Coronel Leite vai participar de acampamento

Está em Vilhena, onde passará o fim-de-semana, para dar apoio à sexta edição do acampamento da Comunidade Adorai, “Anjos Radicais”, o Coronel Edimilson Leite Guimarães Filho, ou como é mais conhecido, o Coronel Leite. Especialista em resgate e salvamento, o militar veio a convite de um amigo que mora na cidade e desde a tarde de hoje, sexta-feira, coordenará atividades junto aos cinqüenta monitores da igreja, responsáveis pelos 134 acampantes, todos com idade entre 14 e 18 anos. “Os jovens podem esperar muita aventura. A ideia é mexer com o espírito destas crianças. Elas farão uma caminhada de 10 quilômetros, montarão acampamento, farão a própria comida. Isso os deixará com a autoestima mais elevada e fará com que valorizem inclusive a cama e o travesseiro em que dormem”, conta o Coronel. Os jovens acamparão no hotel-fazenda Vale do Ávila, e de hoje até domingo participam de atividades e esportes radicais.
O Coronel Leite já tinha passado duas vezes pela Cidade Clima, mas apenas no aeroporto, em missão. “Vilhena tem uma selva diferente, um povo diferente do que se encontra no restante da Amazônia. O amazônida daqui tem mistura de vários povos, do indígena, do negro, do pessoal do Sul. O clima também apresenta temperaturas mais baixas, a umidade do ar é menor”. 
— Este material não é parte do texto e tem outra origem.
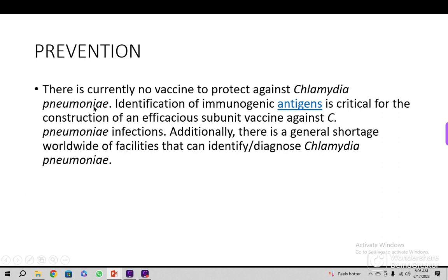Prevention is better than cure, but there is currently no vaccine to protect against Chlamydia pneumoniae infection. Identification of immunogenic antigens is critical for the construction of a future subunit vaccine. Aerosolization control measures should be used and spitting should be avoided. There is also a general worldwide shortage of facilities that can identify and diagnose this organism.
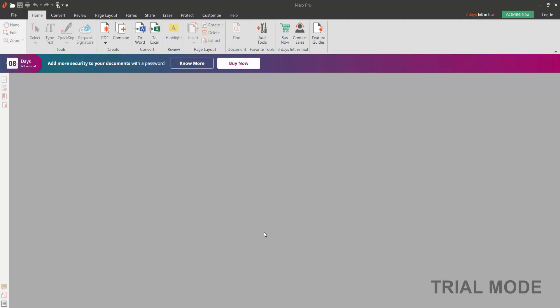Hello viewers, in this video I am going to show you how to add an image to a PDF document using Nitro PDF.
Ele morou em Manaus até o ano passado e recentemente esteve no Chile e na Argentina gravando o programa “Desafio em Dose Dupla – Brasil”, do canal Discovery Channel. Na atração, que já teve duas temporadas de seis episódios cada e que volta a ser gravada em setembro, Leite destaca os ambientes extremos em que já esteve junto do outro apresentador, Léo, e a equipe: “É difícil destacar um bioma como o mais difícil entre os onze que já visitamos. A caatinga é muito seca, difícil de encontrar água; já o pantanal tem água por todo lado, mas o desconforto de você estar sempre molhado. Na região dos cânions do Rio Grande do Sul, o desafio é a baixa temperatura, e confesso que ela me castiga mais”.
O Coronel Leite é Mestre em Salvamento e Resgate Aéreo, formado em Guerra na Selva, instrutor de Sobrevivência na Selva, instrutor de Mergulho autônomo, mestre de salto – instrutor de paraquedismo-, e possui cursos da ONU, na Suécia e Alemanha, além de MBA em Gestão pela Universidade Federal Fluminense (UFF). 
Dente as missões de resgate das quais participou, a que mais marcou o coronel foi a que ele liderou para resgate após o acidente com o Boeing 737 da Gol, em 2006, voo 1907, que matou 154 pessoas. “Foram 54 dias de selva, na missão de trazer os restos mortais das pessoas para os entes queridos delas. Para mim, este tipo de missão é tão importante quanto trazer alguém vivo de volta para os seus”, e explica a dificuldade deste tipo de missão: “Nestes momentos, se você começa a pensar na família, você perde o foco. É preciso ser racional e não deixar o emocional te dominar”. O coronel fica em Vilhena até o meio-dia de domingo, e promete voltar mais vezes para explorar a região.